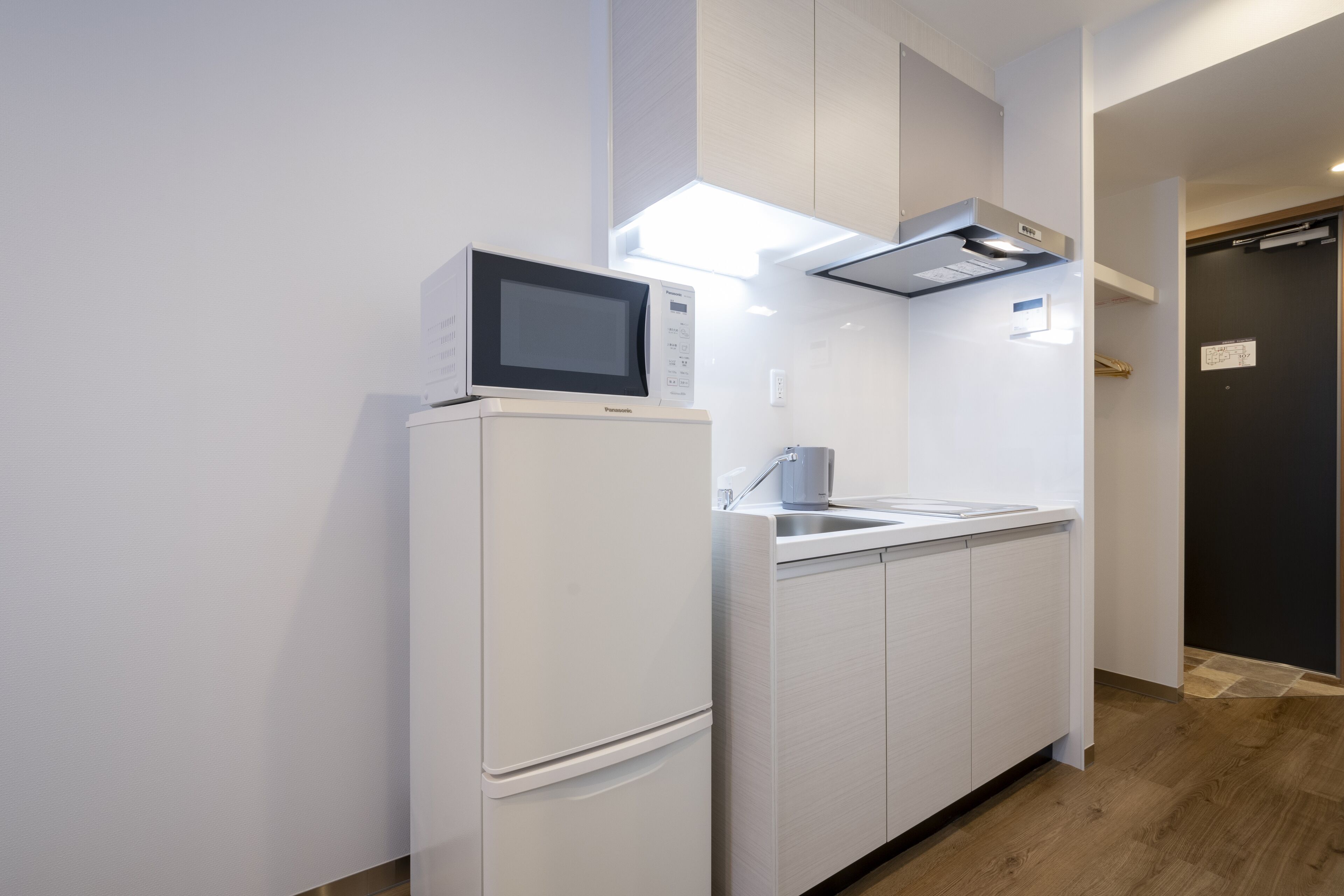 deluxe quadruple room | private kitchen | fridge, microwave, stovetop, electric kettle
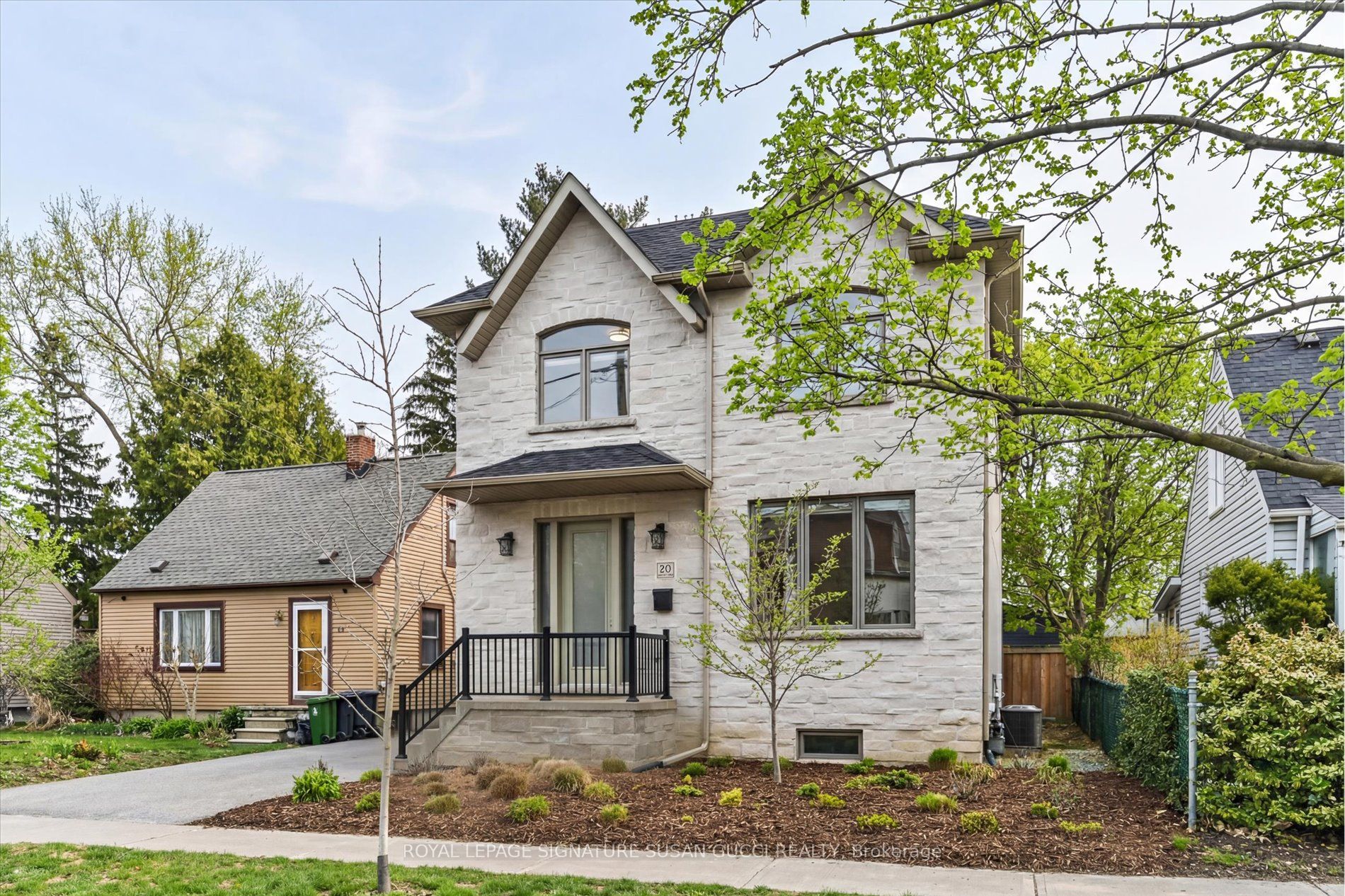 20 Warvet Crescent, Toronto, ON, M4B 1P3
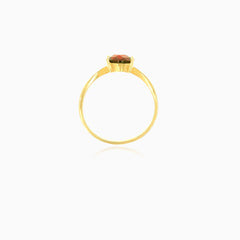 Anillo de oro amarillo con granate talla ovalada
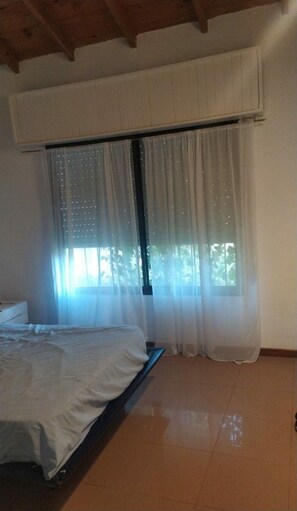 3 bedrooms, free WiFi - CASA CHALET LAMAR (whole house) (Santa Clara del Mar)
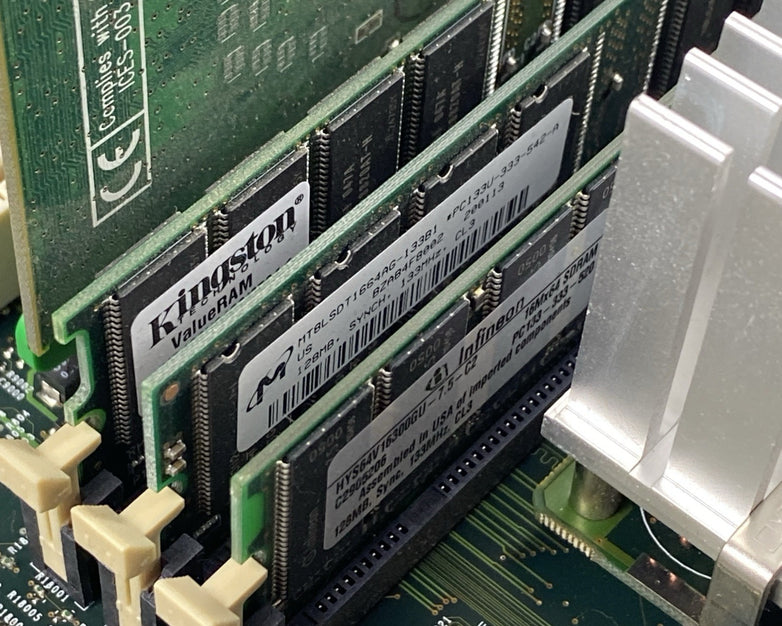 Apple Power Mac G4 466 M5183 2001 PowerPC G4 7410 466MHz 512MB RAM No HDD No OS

--

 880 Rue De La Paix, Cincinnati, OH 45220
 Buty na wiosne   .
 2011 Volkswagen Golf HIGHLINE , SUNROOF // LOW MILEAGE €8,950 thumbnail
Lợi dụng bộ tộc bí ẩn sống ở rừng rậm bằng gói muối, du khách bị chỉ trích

* * *

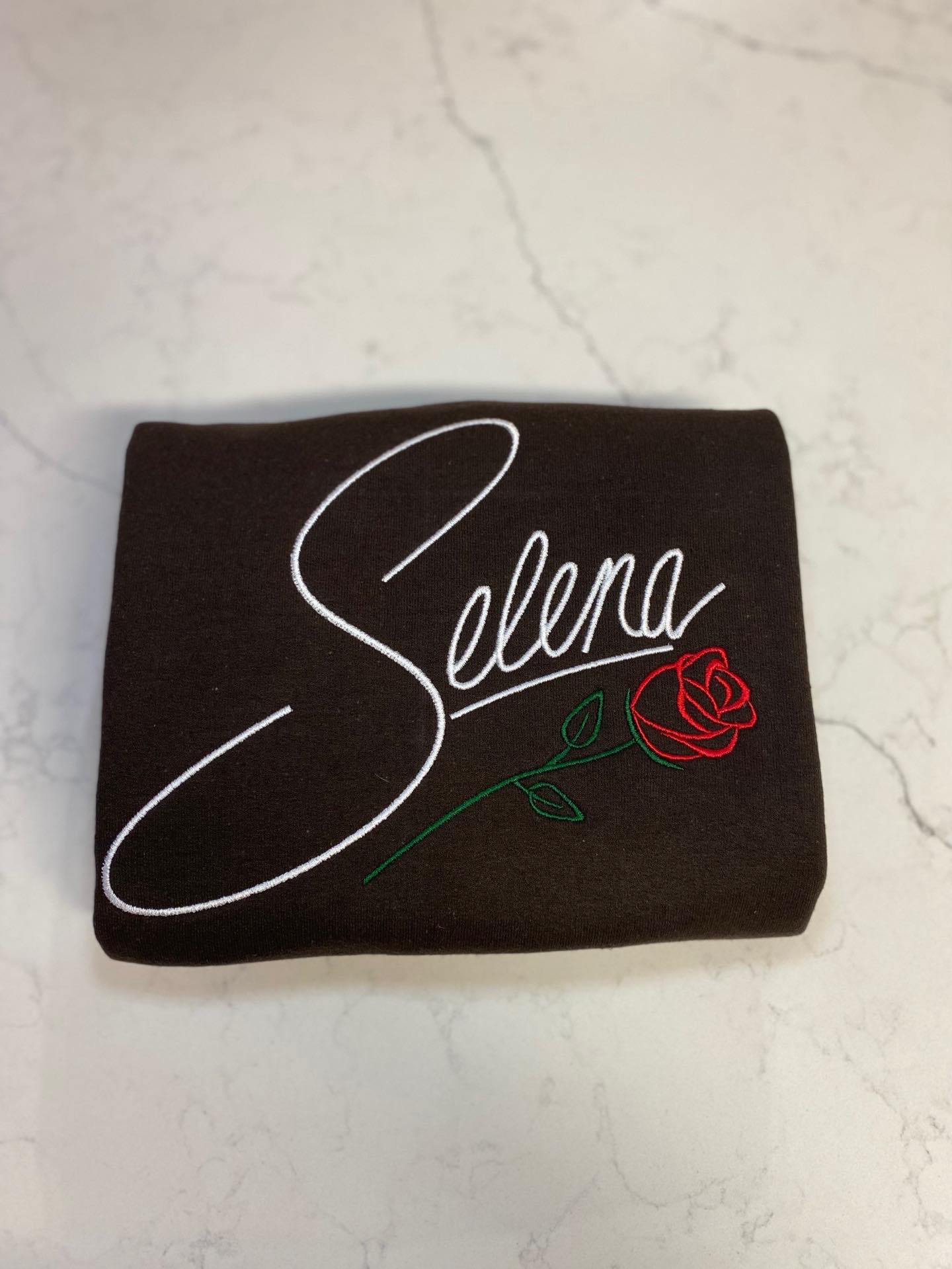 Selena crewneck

# WHAT IS EXPECTED
Pictures are to be left out. Write out only the lines above starting at the one with "deluxe quadruple room" and ending at the one with "Apple Power Mac", both lines included, exactly.

# TASK ANSWER
 deluxe quadruple room | private kitchen | fridge, microwave, stovetop, electric kettle
 20 Warvet Crescent, Toronto, ON, M4B 1P3
 Anillo de oro amarillo con granate talla ovalada
 3 bedrooms, free WiFi - CASA CHALET LAMAR (whole house) (Santa Clara del Mar)
 Apple Power Mac G4 466 M5183 2001 PowerPC G4 7410 466MHz 512MB RAM No HDD No OS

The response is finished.